■ Material for this task ■
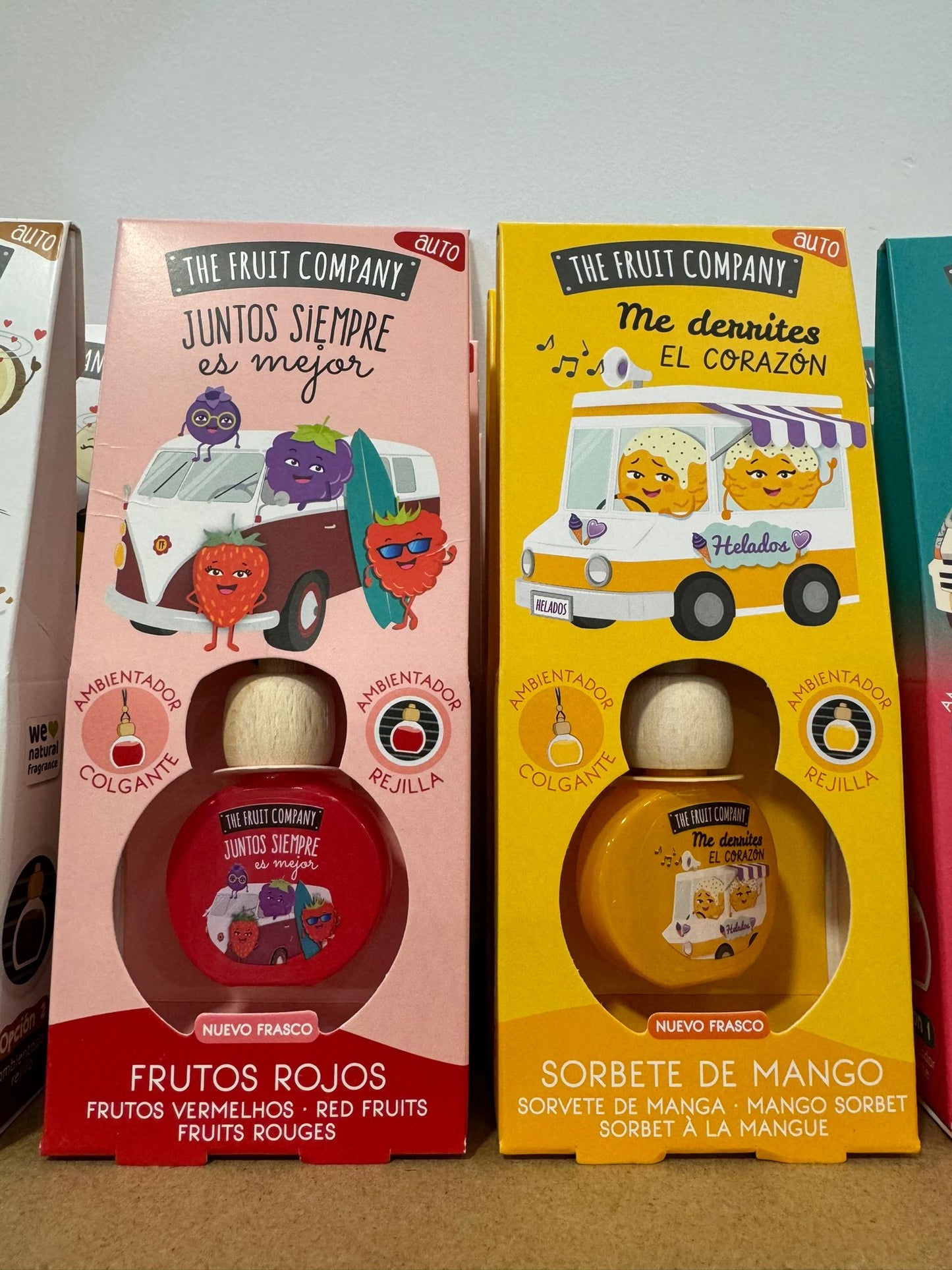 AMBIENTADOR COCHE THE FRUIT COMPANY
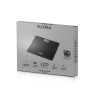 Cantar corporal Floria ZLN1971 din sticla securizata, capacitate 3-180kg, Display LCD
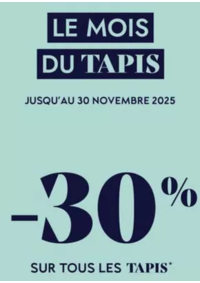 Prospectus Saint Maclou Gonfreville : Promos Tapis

--

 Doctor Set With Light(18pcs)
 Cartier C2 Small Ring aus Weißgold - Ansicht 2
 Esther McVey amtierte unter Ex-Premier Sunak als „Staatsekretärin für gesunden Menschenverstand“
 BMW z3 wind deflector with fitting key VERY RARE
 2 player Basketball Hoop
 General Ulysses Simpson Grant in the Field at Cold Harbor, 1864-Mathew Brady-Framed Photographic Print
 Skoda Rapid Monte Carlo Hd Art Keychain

* * *

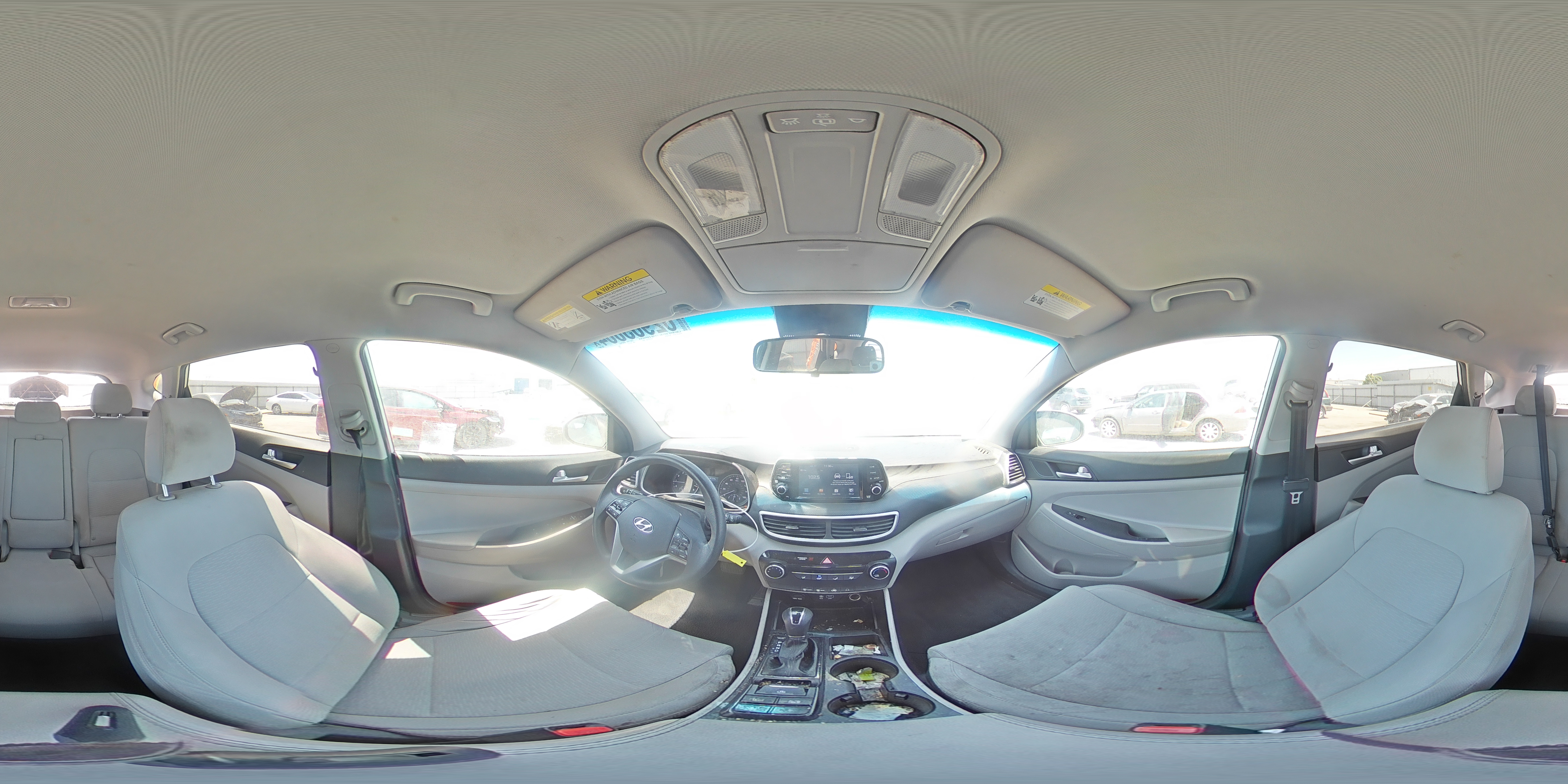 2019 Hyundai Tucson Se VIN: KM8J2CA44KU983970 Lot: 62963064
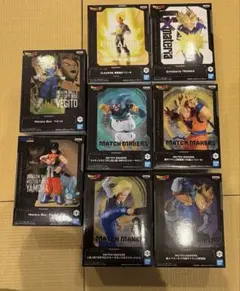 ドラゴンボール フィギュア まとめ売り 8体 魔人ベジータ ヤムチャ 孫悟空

■ Exercise ■
Repeat, character for character, the lines of the material above from the line with "Doctor Set With Light(18pcs)" through the line with "Skoda Rapid Monte Carlo Hd Art Keychain".

■ Response to the exercise ■
 Doctor Set With Light(18pcs)
 Cartier C2 Small Ring aus Weißgold - Ansicht 2
 Esther McVey amtierte unter Ex-Premier Sunak als „Staatsekretärin für gesunden Menschenverstand“
 BMW z3 wind deflector with fitting key VERY RARE
 2 player Basketball Hoop
 General Ulysses Simpson Grant in the Field at Cold Harbor, 1864-Mathew Brady-Framed Photographic Print
 Skoda Rapid Monte Carlo Hd Art Keychain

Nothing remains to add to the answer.